From Bugzilla Helper: User-Agent: Mozilla/5.0 (X11; U; Linux i686; en-US; rv:1.7.2) Gecko/20040804 Galeon/1.3.17 Description of problem: gam_server sometimes runs indefinitely even though the user has logged out. Version-Release number of selected component (if applicable): gamin-0.0.17-1.FC3 How reproducible: Sometimes Steps to Reproduce: 1. Log in. 2. ? 3. Log out. Actual Results: It is unknown exactly what causes gam_server to do this since it does not happen every time. However the only other task running with the same uid as gam_server is ssh-agent. Expected Results: After user logs out no gam_servers to be left running. Additional info: An strace shows: gettimeofday({1101425047, 921476}, NULL) = 0 poll([{fd=28, events=0}, {fd=28, events=POLLIN}, {fd=3, events=POLLIN}], 3, 999) = 0 gettimeofday({1101425048, 921837}, NULL) = 0 time(NULL) over and over again.
I don't know how to reproduce this, I never saw this problem happen. Probably a side effect of the GList corruptions, the best you can do is to try 0.0.18 and report any improvement of persistance of the problem. http://www.gnome.org/~veillard/gamin/downloads.html Daniel
Ok.
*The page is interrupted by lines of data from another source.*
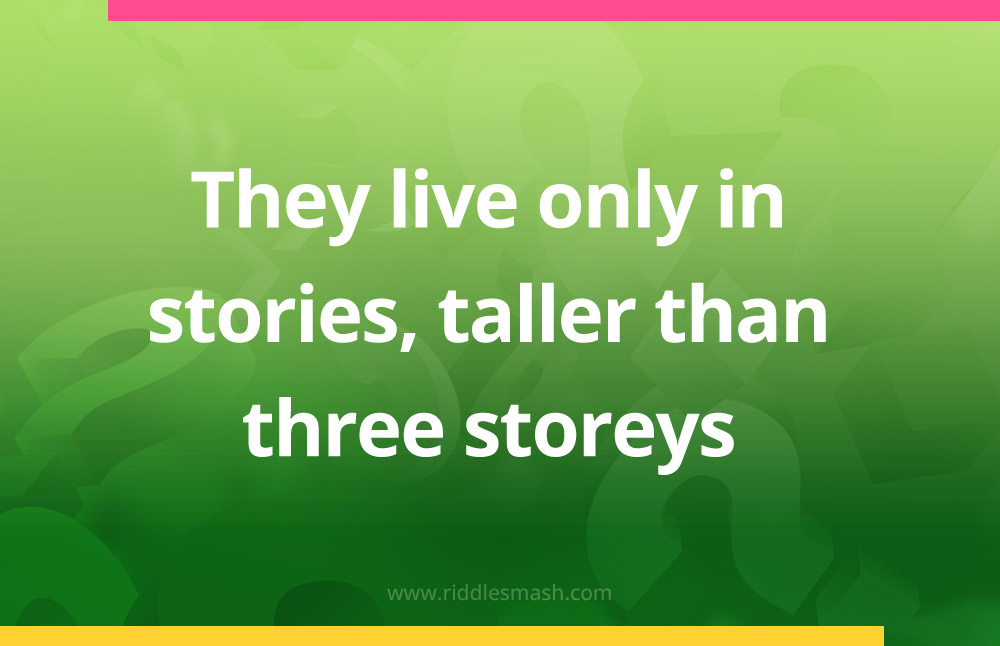 They live only in stories, taller than three storeys.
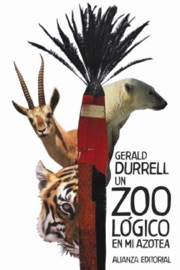 Un zoológico en mi azotea - Gerald Durrell & Esther Gómez Parro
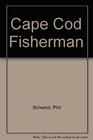 Cape Cod fisherman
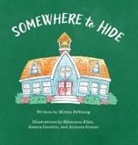 Mireya DeYoung, Jessica Gershin - Somewhere to Hide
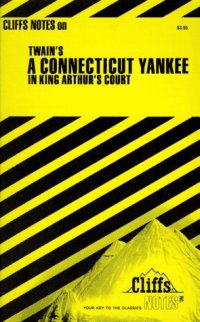 cover of the book Twain's A Connecticut Yankee In King Arthur's Court 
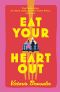 Eat Your Heart Out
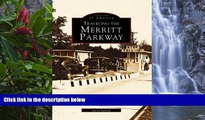 Deals in Books  Traveling the Merritt Parkway (Images of America: Connecticut)  Premium Ebooks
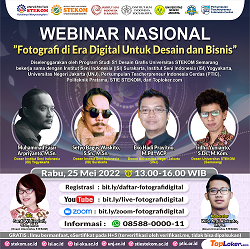 WEBINAR NASIONAL &quot;Fotografi di Era Digital Untuk Desain dan Bisnis&quot;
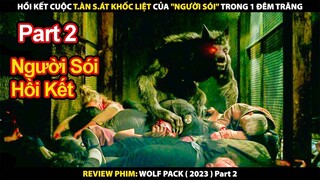 Hồi Kết Cuộc Tàn Sát Khốc Liệt Của "Người Sói" Trong 1 Đêm Trăng | Review Phim Wolf Pack 2023 Part 2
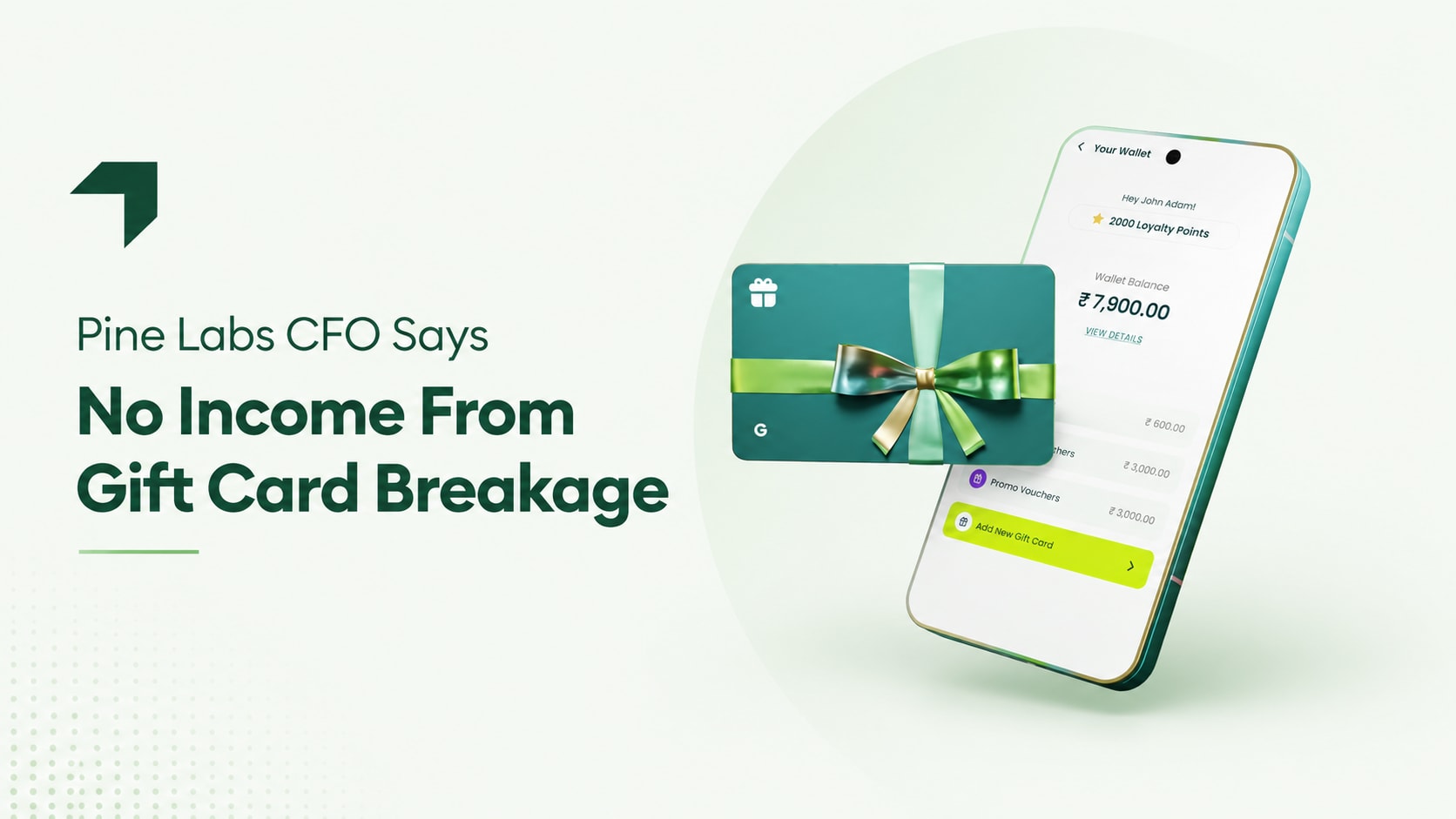 Pine Labs CFO Says Company Records No Income From Gift Card Breakage
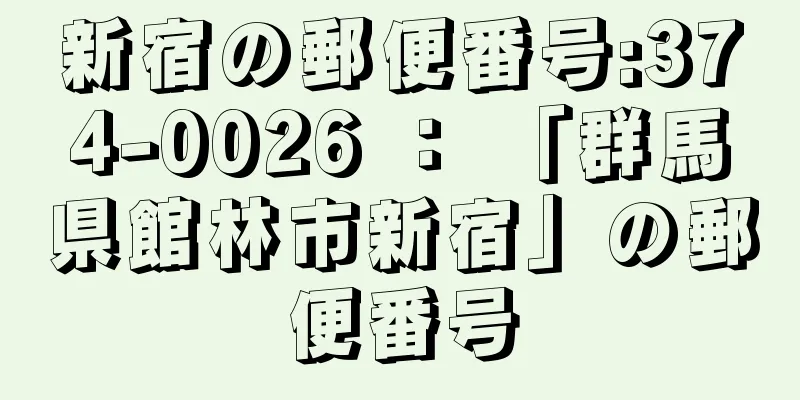 新宿の郵便番号:374-0026 ： 「群馬県館林市新宿」の郵便番号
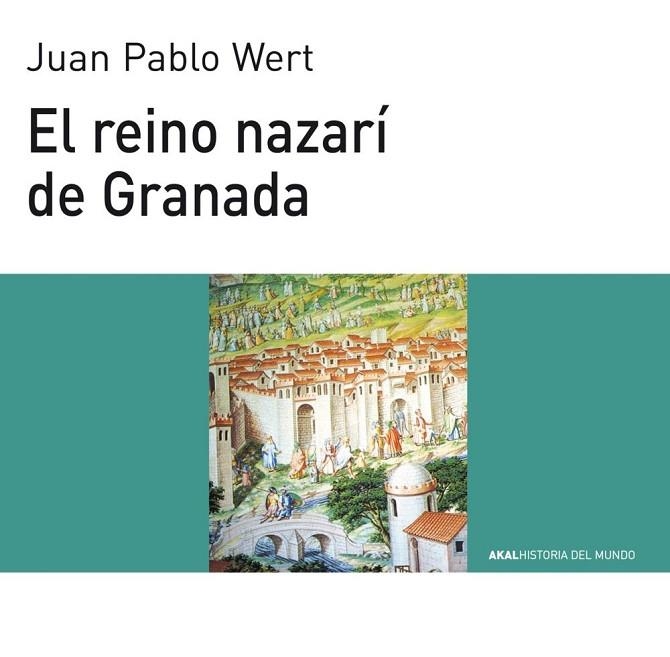 REINO NAZARI DE GRANADA,EL | 9788446003137 | WERT, JUAN PABLO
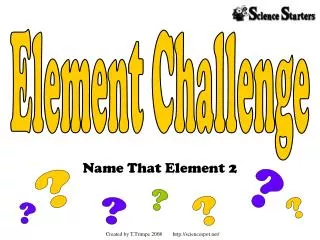Name That Element 2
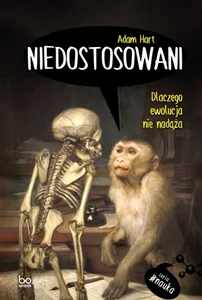 Niedostosowani Dlaczego ewolucja nie nadąża Niedostosowani Dlaczego ewolucja nie nadąża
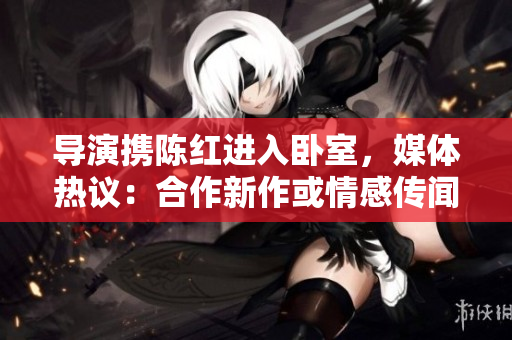 導(dǎo)演攜陳紅進入臥室，媒體熱議：合作新作或情感傳聞？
I have downloaded the SRPM for 0.0.18 and renamed it to 0.17-100 so if there upgrades later they will silently happen. If it doesn't happen again within a wekk then we may as well resolve this fixed.
A user just logged out but /usr/libexec/gam_server is still going. However this time there is an /usr/bin/artsd still hanging around. Would the artsd be enough to keep gam_server going?
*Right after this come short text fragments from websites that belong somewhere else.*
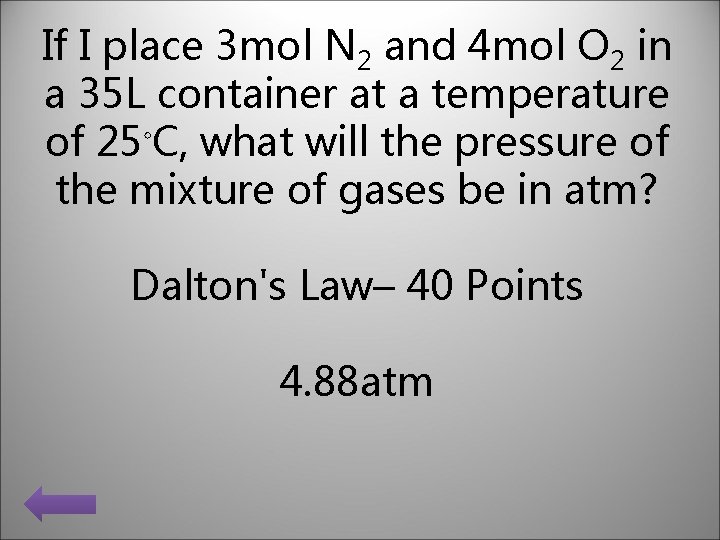 If I place 3 mol N 2 and 4 mol O 2 in a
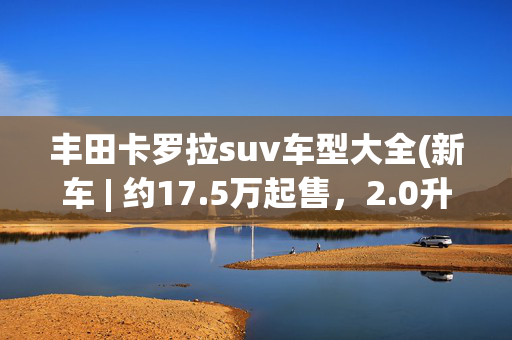 丰田卡罗拉suv车型大全(新车 | 约17.5万起售，2.0升汽油/混动版，新款丰田卡罗拉锐放官图)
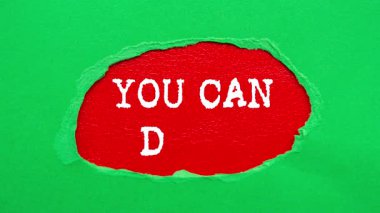 You Can Do It message written on ripped torn paper background. Conceptual You Can Do It symbol.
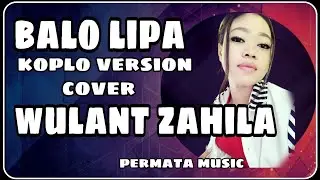 BALO LIPA cover PERMATA MUSIC  // VOC.WULAN ZHAILA..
Yes if it uses (directly or indirectly) any monitoring. I will try to improve the debugging capabilities to also save the client(s) registered at a given point and the monitored resource(s). Daniel
At some point the aforementioned gam_server lost its marbles and is now chewing up any spare CPU it can lay its hands on. Is there anything I can do to help you debug this with a gam_server that has already gone crazy?
w.r.t. comment #5 see bug#132354 . First make sure you are running gamin-0.0.18 see informations at http://www.gnome.org/~veillard/gamin/ Daniel
Thanks! Ok back to the original point of this bug - can I use lsof to see whether gamin has any real clients (maybe it is fooled into thinking it has clients when they have really left...)?
yes in the version from CVS. The kill -USR2 gam_server_pid will dump first the list of connection and monitored resources in the debug file Not released yet, but in CVS Daniel
That kill -USR2 is VERY nifty. After upgrading to gamin 0.19 and killing off old gamin I managed to get a gam_server hanging around after log out with only an esd still running. I shall attach /tmp/gamin_debug_* and write a little about what I was doing when this happened. I can't give any steps to reproduce but it might provide some insight.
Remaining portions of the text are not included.